До того как фашисты добрались до СССР, в 1940 году британская армия под натиском войск Германии была вынуждена спешно и бессистемно эвакуироваться из маленького приморского городка Дюнкерк. Черчилль назвал Дюнкерк «символом победы в поражении». Силы были неравны: казалось бы, люди должны были наверняка погибнуть, но в последний момент их спасли. Причем, помощь пришла, откуда не ждали: удивительно, но если солдат не может вернуться домой, дом сам приходит за солдатом.
Военные эксперты уже по привычке успели обвинить Нолана в отсутствии на экране «исторической правды» (напомним, в прошлый раз научные эксперты адекватные обвинения выдвигали к «Интерстеллару»). Некоторых зрителей очень раздражает совсем не боевое поведение солдат в кадре, нежелание экранных британцев следовать установке «сам погибай, а товарища выручай», а также отсутствие параллелей с картинами вроде «Они сражались за Родину».
Да, у режиссера правда своя. Близкая скорее к общечеловеческой. Может, поэтому история «Дюнкерка» в той или иной мере будет понятна в любой стране. А еще дело в том, что Нолан не выбирает по-снобски между артхаусом и коммерческим кино, а работает сразу на два поля, на все аудитории. И, что интересно, каждый раз выигрывает.
История «Дюнкерка» показана глазами юного персонажа, почти ребенка, в исполнении актера Финна Уайтхеда, для которого фильм станет отличным карьерным стартом. Именно ему и придется выживать среди других в этой водяной мясорубке, разбираться, кто опасней – свои или чужие, и понять, наконец, что если тебя даже спасли – это еще не значит, что ты спасся.
«Мое поколение развязало эту войну, почему дети должны в ней гибнуть?», – говорит хозяин гражданского судна, одного из тех, которые направятся в самое пекло. И фраза эта – ключевая для всего фильма.
Невыдуманная история Дюнкерка с течением времени превратилась в метафору чуда, как последней возможности вернуться домой с войны. Каждый из героев почти артхаусного фильма Кристофера Нолана на границе между жизнью и смертью демонстрирует миру себя настоящего: одни поражают хладнокровием и уверенностью в том, что делают. Другие откровенно пугают самыми отвратительными проявлениями собственной сущности. И те и другие руководствуются желанием выжить. Вот только первые надеются спасти не только свою шкуру.

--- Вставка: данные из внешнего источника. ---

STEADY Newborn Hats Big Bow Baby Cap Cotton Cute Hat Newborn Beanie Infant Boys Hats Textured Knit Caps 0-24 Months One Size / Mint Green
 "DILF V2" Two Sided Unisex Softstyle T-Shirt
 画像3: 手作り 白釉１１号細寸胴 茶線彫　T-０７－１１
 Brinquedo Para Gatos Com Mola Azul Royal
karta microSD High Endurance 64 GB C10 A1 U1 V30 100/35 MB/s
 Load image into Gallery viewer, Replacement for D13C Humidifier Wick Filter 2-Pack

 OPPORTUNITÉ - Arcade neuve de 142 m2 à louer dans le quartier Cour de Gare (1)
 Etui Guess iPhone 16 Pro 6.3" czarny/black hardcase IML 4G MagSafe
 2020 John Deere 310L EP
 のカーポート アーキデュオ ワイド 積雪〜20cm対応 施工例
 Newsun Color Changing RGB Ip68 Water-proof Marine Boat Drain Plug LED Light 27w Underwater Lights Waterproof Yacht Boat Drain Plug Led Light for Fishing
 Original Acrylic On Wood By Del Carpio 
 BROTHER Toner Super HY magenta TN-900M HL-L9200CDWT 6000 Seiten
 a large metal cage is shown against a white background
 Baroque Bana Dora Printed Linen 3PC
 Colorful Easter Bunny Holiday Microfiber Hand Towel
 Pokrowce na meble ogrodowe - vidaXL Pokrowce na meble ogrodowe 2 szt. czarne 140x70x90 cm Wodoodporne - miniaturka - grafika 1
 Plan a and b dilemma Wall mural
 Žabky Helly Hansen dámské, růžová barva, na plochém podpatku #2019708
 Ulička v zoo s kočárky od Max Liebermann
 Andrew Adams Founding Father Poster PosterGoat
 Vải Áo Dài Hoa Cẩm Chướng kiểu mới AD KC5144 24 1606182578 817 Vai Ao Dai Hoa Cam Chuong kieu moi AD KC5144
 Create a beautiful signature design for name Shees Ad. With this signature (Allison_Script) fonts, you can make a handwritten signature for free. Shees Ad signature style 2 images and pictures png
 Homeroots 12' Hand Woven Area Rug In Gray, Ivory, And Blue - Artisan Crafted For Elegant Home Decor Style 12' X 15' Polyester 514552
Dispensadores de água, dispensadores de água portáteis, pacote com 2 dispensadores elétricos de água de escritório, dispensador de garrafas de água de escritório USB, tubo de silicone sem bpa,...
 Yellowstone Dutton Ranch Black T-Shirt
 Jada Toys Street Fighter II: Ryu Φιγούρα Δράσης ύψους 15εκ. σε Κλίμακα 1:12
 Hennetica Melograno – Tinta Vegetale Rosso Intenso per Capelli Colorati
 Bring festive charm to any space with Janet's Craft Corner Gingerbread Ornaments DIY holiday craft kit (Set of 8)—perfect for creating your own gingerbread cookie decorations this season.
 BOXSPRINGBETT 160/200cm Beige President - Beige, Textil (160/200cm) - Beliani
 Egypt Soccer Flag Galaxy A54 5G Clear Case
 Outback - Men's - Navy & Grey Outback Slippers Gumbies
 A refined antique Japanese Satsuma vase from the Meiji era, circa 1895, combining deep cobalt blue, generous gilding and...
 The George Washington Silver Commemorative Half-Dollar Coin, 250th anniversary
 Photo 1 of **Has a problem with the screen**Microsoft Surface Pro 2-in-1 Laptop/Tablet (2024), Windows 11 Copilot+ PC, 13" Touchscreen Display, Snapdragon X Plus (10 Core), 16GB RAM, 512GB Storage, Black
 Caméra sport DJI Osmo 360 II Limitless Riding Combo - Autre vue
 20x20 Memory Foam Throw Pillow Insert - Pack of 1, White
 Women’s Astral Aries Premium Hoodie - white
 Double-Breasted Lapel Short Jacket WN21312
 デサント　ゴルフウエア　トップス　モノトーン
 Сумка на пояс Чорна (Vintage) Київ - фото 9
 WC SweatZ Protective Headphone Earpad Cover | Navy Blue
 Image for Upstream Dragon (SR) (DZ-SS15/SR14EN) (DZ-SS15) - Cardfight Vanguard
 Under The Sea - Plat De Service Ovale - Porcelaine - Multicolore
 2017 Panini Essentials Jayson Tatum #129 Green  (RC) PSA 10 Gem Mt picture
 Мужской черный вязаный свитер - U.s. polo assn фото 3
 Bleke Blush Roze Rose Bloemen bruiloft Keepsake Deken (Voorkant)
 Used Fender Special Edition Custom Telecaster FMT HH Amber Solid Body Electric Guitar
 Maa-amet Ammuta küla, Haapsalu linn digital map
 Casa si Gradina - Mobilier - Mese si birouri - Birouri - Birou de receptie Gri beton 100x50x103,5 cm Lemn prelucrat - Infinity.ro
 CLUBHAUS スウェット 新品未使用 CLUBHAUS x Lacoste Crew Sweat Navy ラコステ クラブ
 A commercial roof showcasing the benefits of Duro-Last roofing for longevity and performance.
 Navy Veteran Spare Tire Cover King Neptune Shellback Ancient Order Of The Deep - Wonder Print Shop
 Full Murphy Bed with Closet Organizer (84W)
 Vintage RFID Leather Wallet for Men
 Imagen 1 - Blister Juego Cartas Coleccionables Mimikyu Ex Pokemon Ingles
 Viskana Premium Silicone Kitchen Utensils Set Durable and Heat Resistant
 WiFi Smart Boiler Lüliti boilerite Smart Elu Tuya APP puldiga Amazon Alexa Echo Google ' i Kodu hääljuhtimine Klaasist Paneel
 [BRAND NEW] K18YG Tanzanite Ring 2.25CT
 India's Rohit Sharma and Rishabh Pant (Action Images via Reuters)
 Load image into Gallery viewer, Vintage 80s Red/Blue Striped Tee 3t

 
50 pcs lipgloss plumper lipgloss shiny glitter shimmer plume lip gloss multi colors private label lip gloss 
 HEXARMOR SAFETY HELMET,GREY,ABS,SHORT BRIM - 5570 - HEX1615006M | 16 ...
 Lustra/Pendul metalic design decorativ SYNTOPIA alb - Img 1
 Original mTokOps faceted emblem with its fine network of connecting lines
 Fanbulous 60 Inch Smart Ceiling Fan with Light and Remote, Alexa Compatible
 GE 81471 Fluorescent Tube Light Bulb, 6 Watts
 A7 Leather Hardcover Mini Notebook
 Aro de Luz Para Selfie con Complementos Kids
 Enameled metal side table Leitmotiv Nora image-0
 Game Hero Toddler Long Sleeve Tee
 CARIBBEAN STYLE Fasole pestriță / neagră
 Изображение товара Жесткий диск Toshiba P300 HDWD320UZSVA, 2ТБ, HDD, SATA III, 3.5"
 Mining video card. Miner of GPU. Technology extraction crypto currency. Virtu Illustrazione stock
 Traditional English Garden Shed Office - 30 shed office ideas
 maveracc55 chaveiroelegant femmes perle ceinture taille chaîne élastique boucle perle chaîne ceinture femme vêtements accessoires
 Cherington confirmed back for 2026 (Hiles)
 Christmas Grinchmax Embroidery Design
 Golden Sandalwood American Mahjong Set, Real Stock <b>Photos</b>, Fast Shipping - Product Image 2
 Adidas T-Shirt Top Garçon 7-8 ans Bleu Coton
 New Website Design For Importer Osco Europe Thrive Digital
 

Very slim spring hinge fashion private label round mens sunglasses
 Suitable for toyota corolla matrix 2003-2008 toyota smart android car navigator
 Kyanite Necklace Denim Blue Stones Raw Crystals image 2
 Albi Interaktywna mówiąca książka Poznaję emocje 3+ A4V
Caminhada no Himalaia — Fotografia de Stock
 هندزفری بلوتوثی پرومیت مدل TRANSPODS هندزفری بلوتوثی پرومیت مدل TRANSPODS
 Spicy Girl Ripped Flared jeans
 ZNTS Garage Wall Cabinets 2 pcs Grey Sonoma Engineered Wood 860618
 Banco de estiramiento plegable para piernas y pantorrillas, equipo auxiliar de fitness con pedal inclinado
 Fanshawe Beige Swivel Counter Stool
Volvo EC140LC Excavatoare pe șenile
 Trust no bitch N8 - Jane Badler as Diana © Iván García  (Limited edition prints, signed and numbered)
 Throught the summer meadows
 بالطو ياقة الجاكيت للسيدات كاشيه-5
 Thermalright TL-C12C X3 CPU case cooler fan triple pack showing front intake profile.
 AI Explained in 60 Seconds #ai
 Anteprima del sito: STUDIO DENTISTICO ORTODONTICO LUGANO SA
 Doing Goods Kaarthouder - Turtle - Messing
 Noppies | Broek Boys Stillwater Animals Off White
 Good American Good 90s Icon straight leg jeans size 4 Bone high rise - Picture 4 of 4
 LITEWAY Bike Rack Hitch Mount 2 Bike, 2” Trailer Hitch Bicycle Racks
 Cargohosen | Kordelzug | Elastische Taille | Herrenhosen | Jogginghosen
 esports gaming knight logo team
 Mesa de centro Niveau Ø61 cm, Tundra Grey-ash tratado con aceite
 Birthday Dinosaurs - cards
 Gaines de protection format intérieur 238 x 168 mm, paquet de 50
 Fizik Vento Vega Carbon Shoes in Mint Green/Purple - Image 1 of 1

Тягучее, как сон, действие то погружает в себя зрителя с головой, то выбрасывает на поверхность, чтобы тот мог отдышаться на залпах саспенса. Здесь каждому дается шанс увидеть свое лицо среди толпы смертников. И только у английского летчика на лице маска. Герой Тома Харди снимет ее уже перед самым финалом, когда цель будет поражена, а баки самолета – пусты. Потому что настоящие герои – это бэтмены и неизвестные солдаты, которые умирают даже не за Родину, а просто, чтобы жизнь продолжалась и после смерти.
Фильм Кристофера Нолана похож одновременно на классическую живопись и симфоническую музыку. Первую реальность создает буквально каждый кадр, вышедший из-под руки оператора Хойте Ван Хойтема. Вторую – сотрудничество с великими композиторами современности: Ханс Циммер опять превзошел себя и сочинил не просто очередной саундтрек, а гудящую, пульсирующую, как кровь в висках, изнанку мира, который готовится умереть.